*** Data segment ***
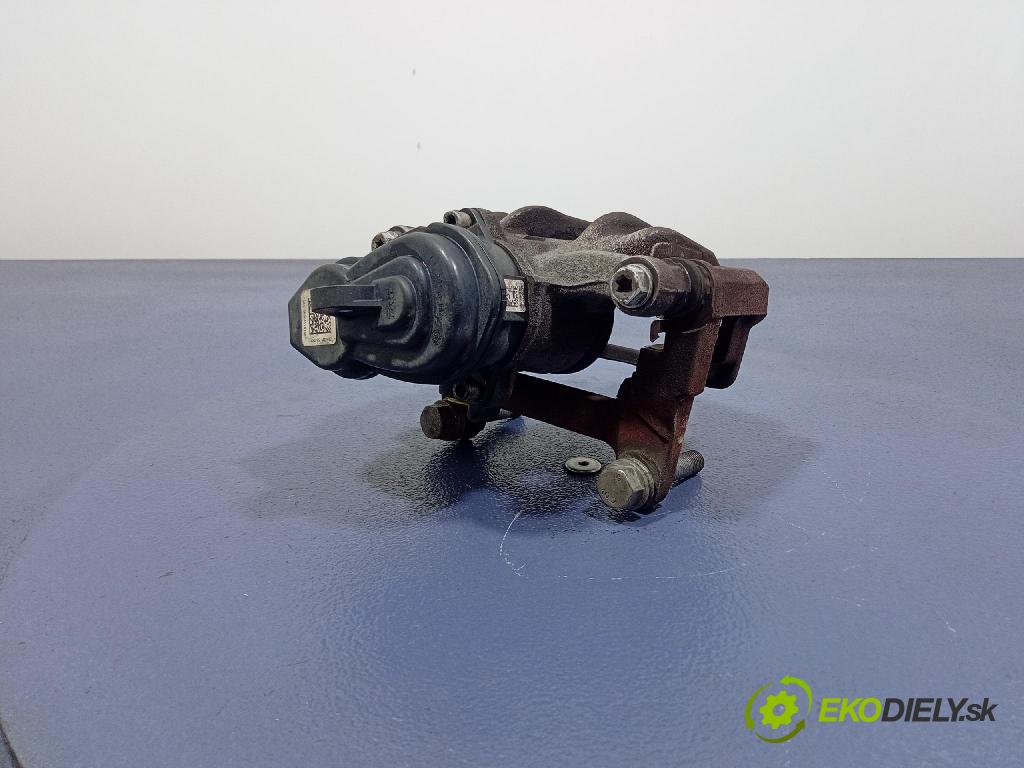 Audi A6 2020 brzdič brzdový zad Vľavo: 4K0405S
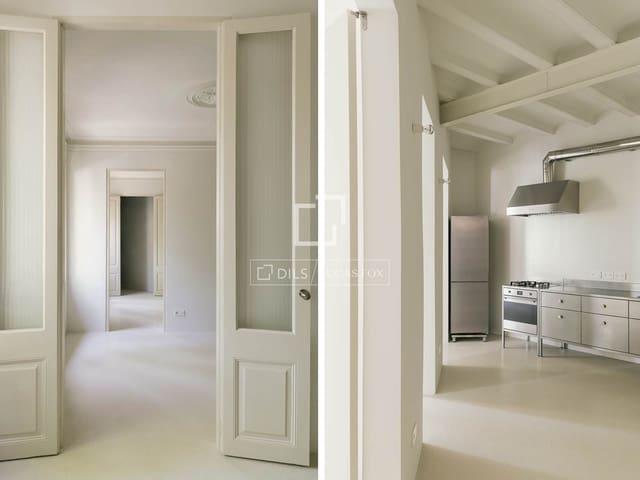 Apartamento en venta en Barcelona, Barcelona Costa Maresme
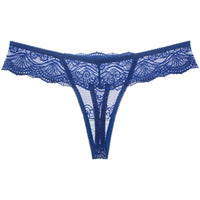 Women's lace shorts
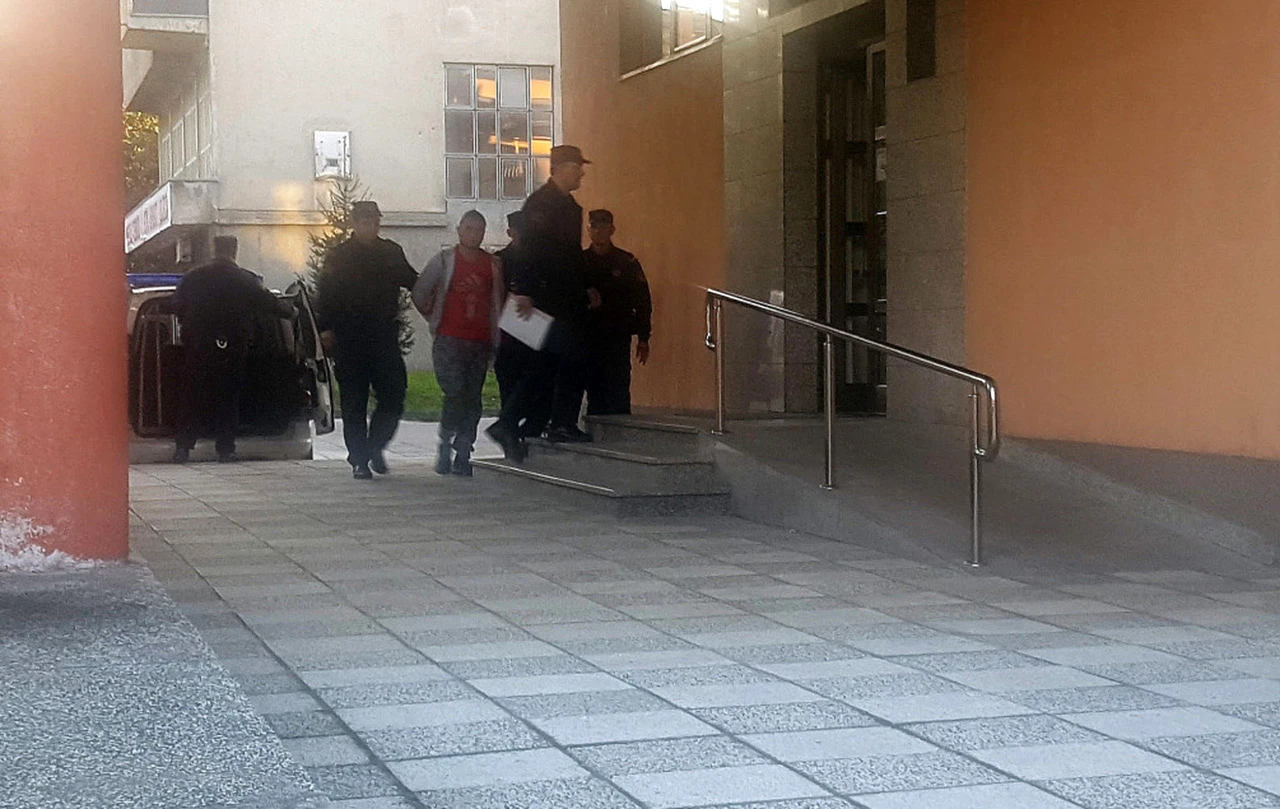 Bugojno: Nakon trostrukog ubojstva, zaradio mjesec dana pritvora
***
§ **Task brief**: No pictures should appear in the copy. Print exactly the lines above from the line containing "Women's lace shorts" through the last line of the data.

§ **Response**:
 Women's lace shorts
 Bugojno: Nakon trostrukog ubojstva, zaradio mjesec dana pritvora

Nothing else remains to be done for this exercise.